• _Problem to solve_:
In the records below, find the line with "MERCEDES GLC-KLASSE 43", then retype it and every following line exactly, stopping after the line with "Image 36 of". Leave the pictures out.

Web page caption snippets
==================================================
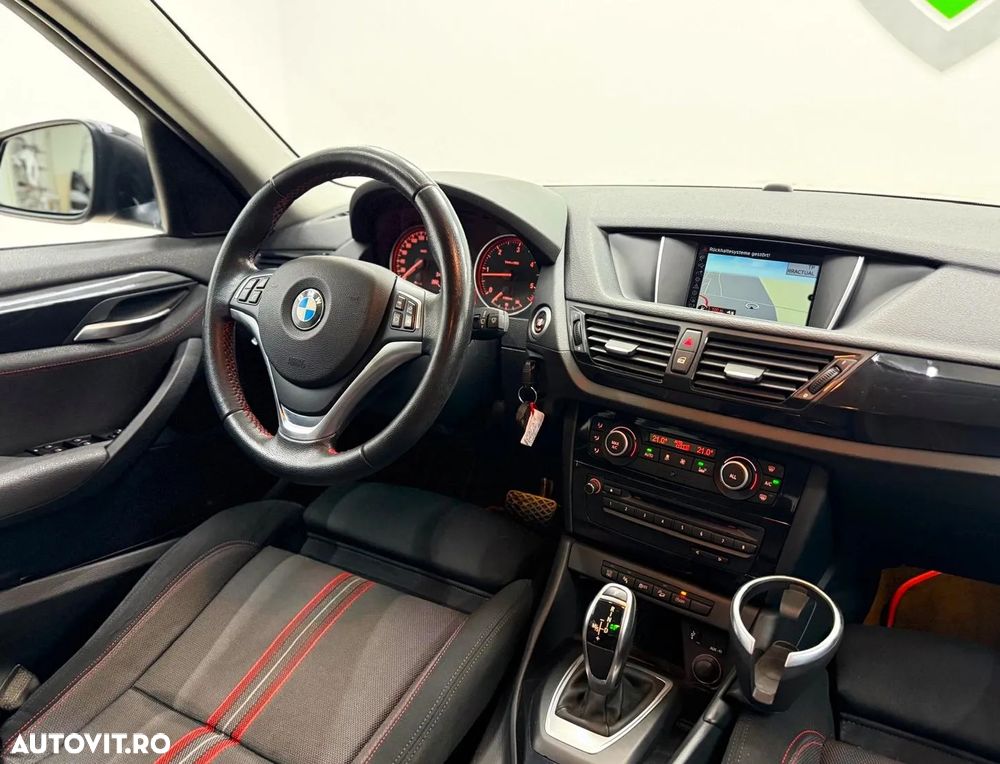 BMW X1 xDrive18d Aut. Sport Line - 18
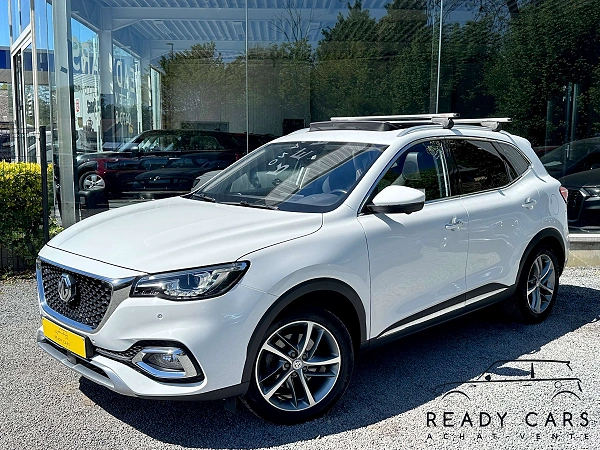 MG HS 1.5*FULL OPTION*PANO*ATT-REMORQUE*CAM 360*GARANTIE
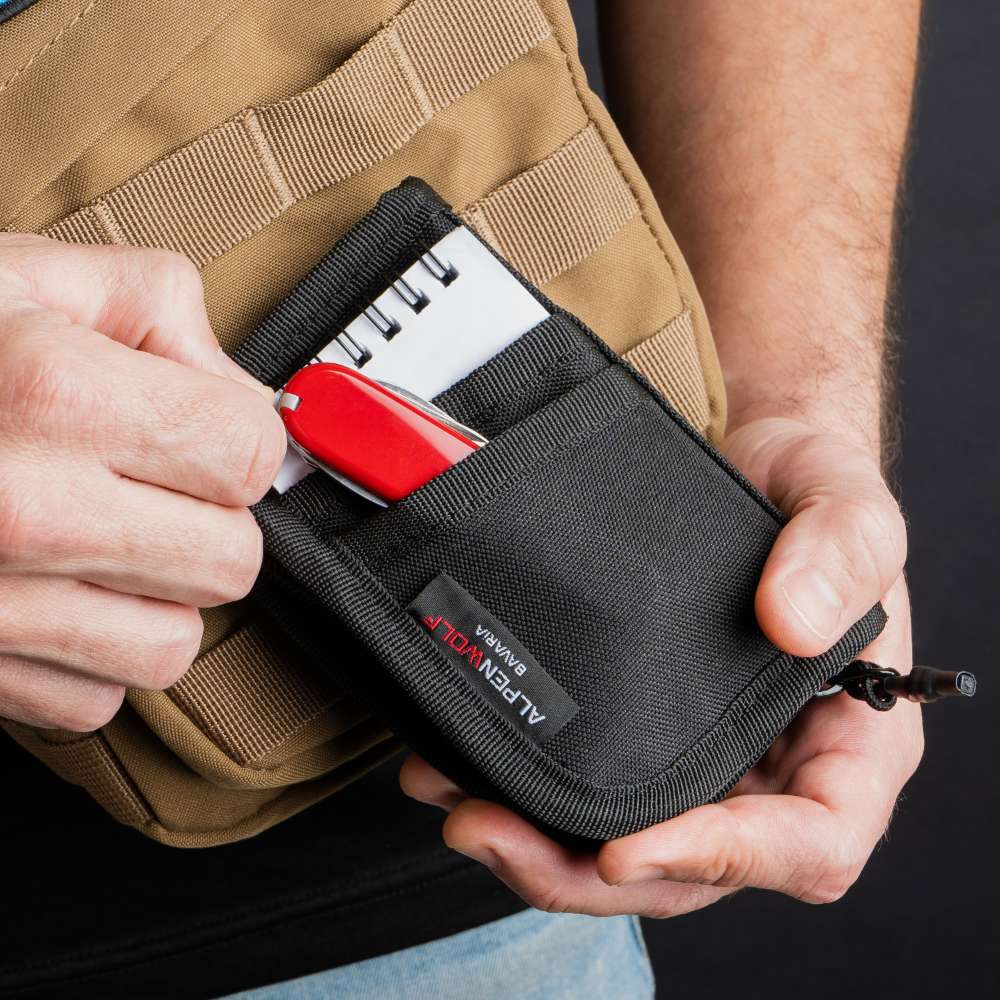 ALPENWOLF EDC-TASCHE NEXUS – vielseitiger Organizer mit Patchfläche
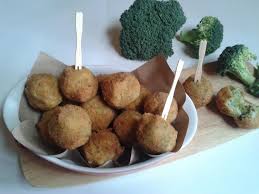 Ottime anche al forno.piacciono proprio a tutti grandi e bambini. Polpette Di Broccoli E Patate Ricetta Semplice E Veloce Youtube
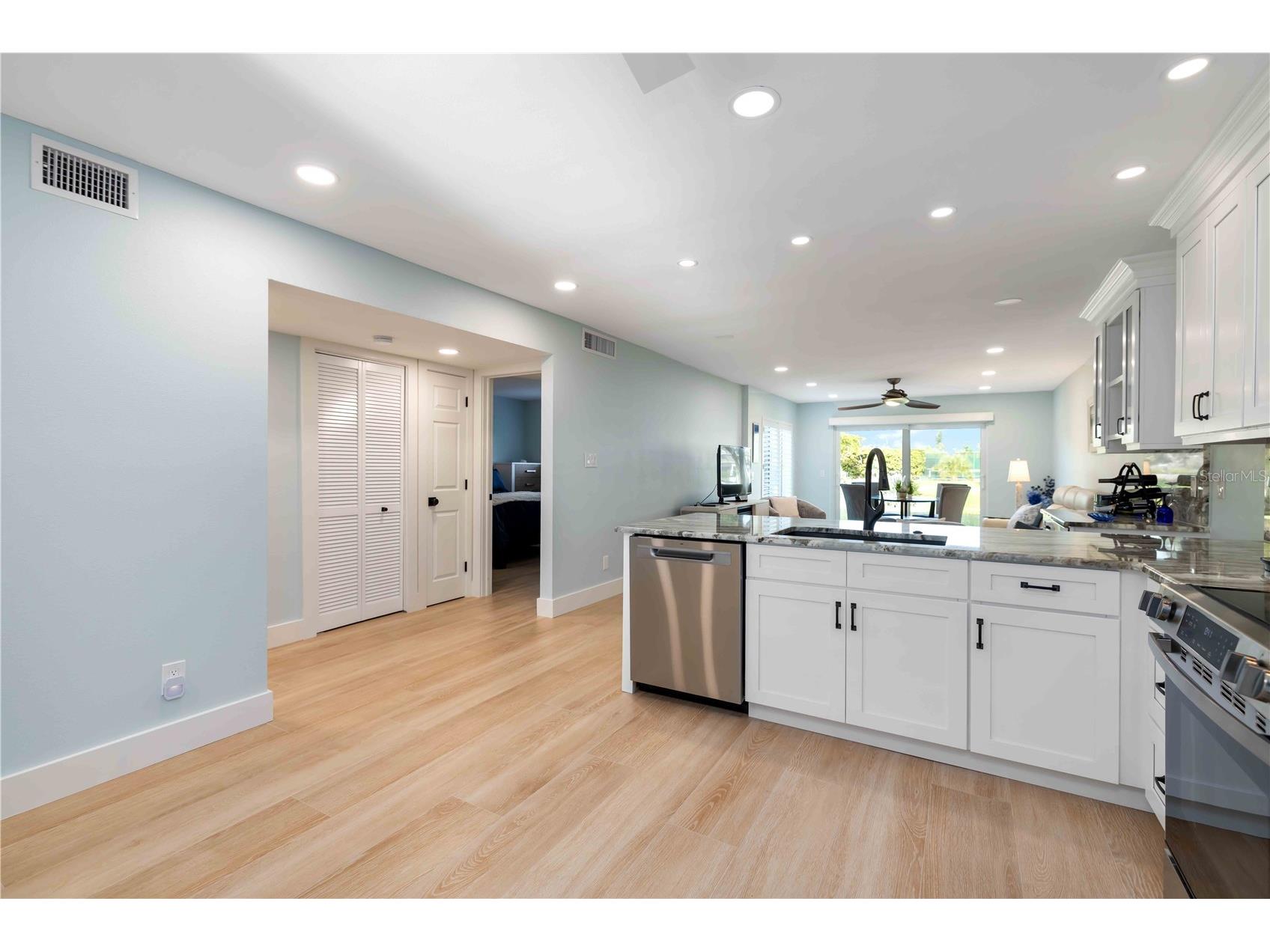 4860 Gulf Of Mexico Drive #VILLA 13 Longboat Key FL 34228 A4673141 image8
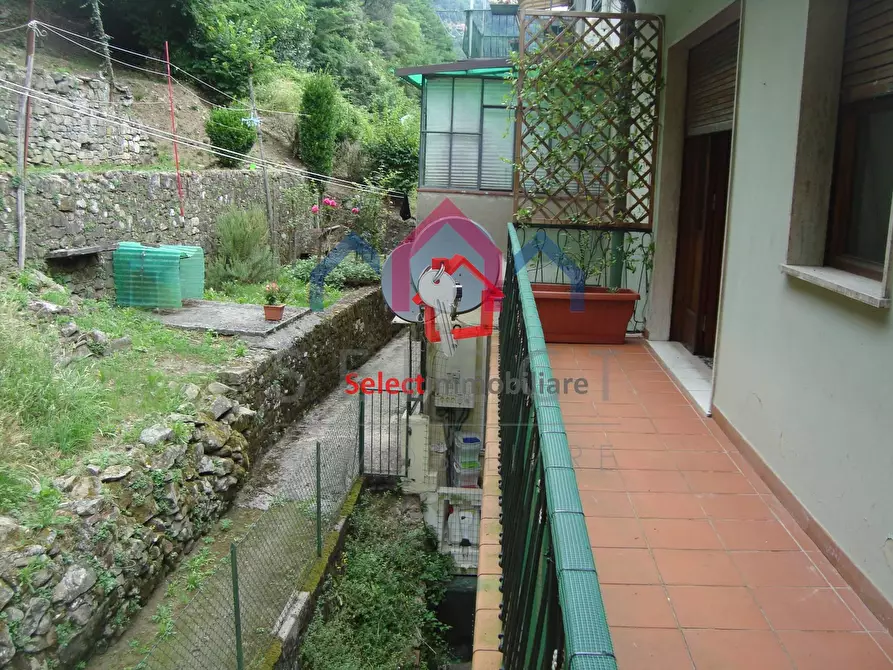 Immagine 8 di Casa semindipendente in vendita  a Bagni Di Lucca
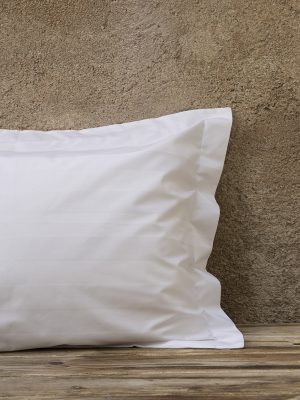 Μαξιλαροθήκη 52x75 Oxford 3 πλευρές - 300 Κλωστές Σατέν ρίγα 4,5cm - 100% Βαμβάκι Πενιέ της Nima Hotelling 100% Satin Cotton, 4,5 cm striped, 300 T.C. Μαξιλαροθήκη 52x75 με oxford 3 πλευρών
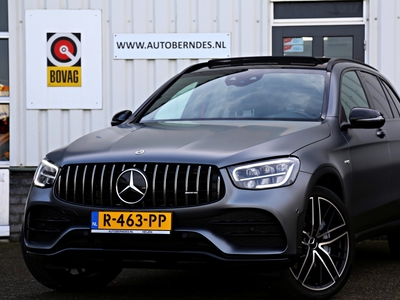 MERCEDES GLC-KLASSE 43 AMG 390PK 4MATIC 9-G Aut.*Designo Selenitgrau Mango!*Incl. BTW*Nieuw Model*Perfect MB Onderh.*Night Pakket/Pano/Sfeerverl./Matrix LED/Elek. Trekhaak/Burmester/Apple Carplay-Android/HUD/MBUX/DAB/Camera/21 inch LM*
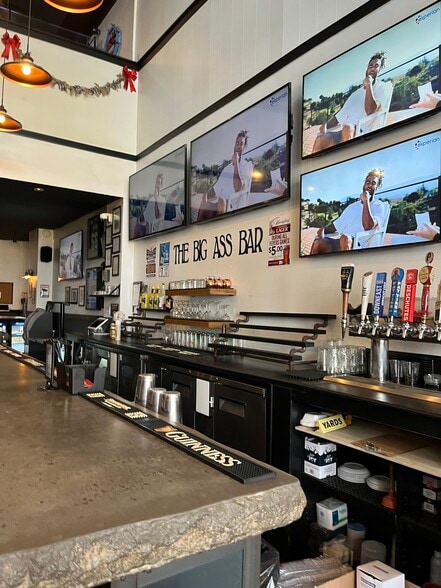 More Photos Of 224 Market St, Philadelphia Restaurant For Lease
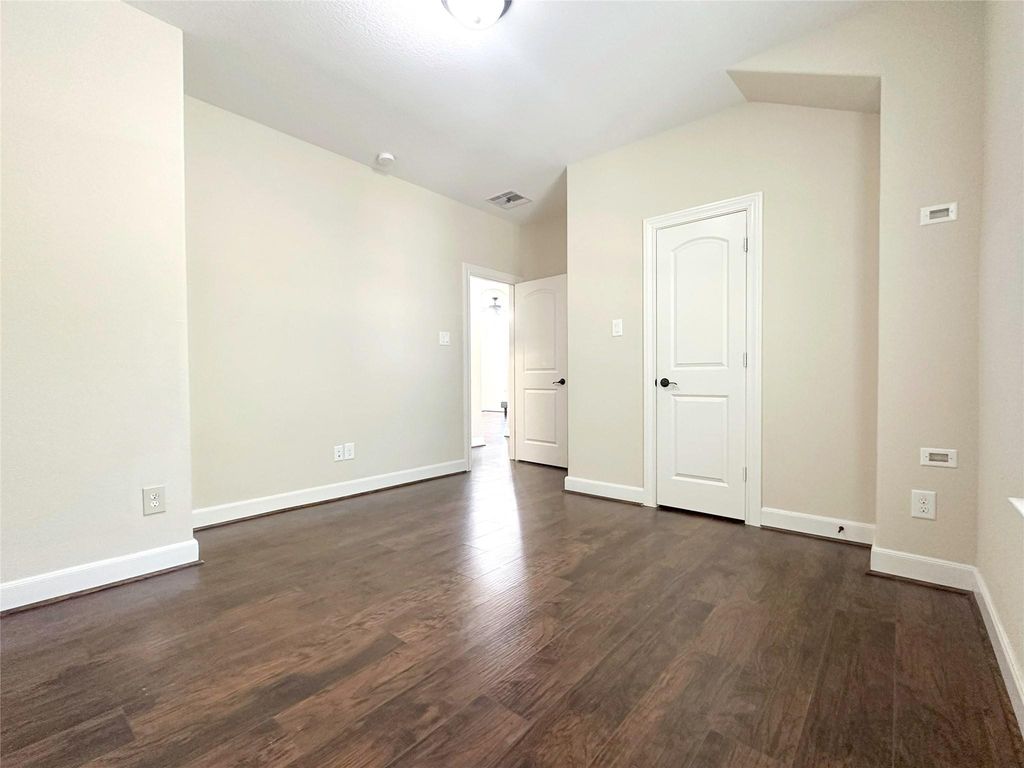 Image 36 of property listing at 26827 Longleaf Valley Drive, Katy, TX 77494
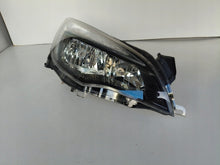 Laden Sie das Bild in den Galerie-Viewer, Frontscheinwerfer Opel Astra J 13297723 Rechts Scheinwerfer Headlight SCH9809407808if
==================================================
• _Response area_:
 MERCEDES GLC-KLASSE 43 AMG 390PK 4MATIC 9-G Aut.*Designo Selenitgrau Mango!*Incl. BTW*Nieuw Model*Perfect MB Onderh.*Night Pakket/Pano/Sfeerverl./Matrix LED/Elek. Trekhaak/Burmester/Apple Carplay-Android/HUD/MBUX/DAB/Camera/21 inch LM*
 More Photos Of 224 Market St, Philadelphia Restaurant For Lease
 Image 36 of property listing at 26827 Longleaf Valley Drive, Katy, TX 77494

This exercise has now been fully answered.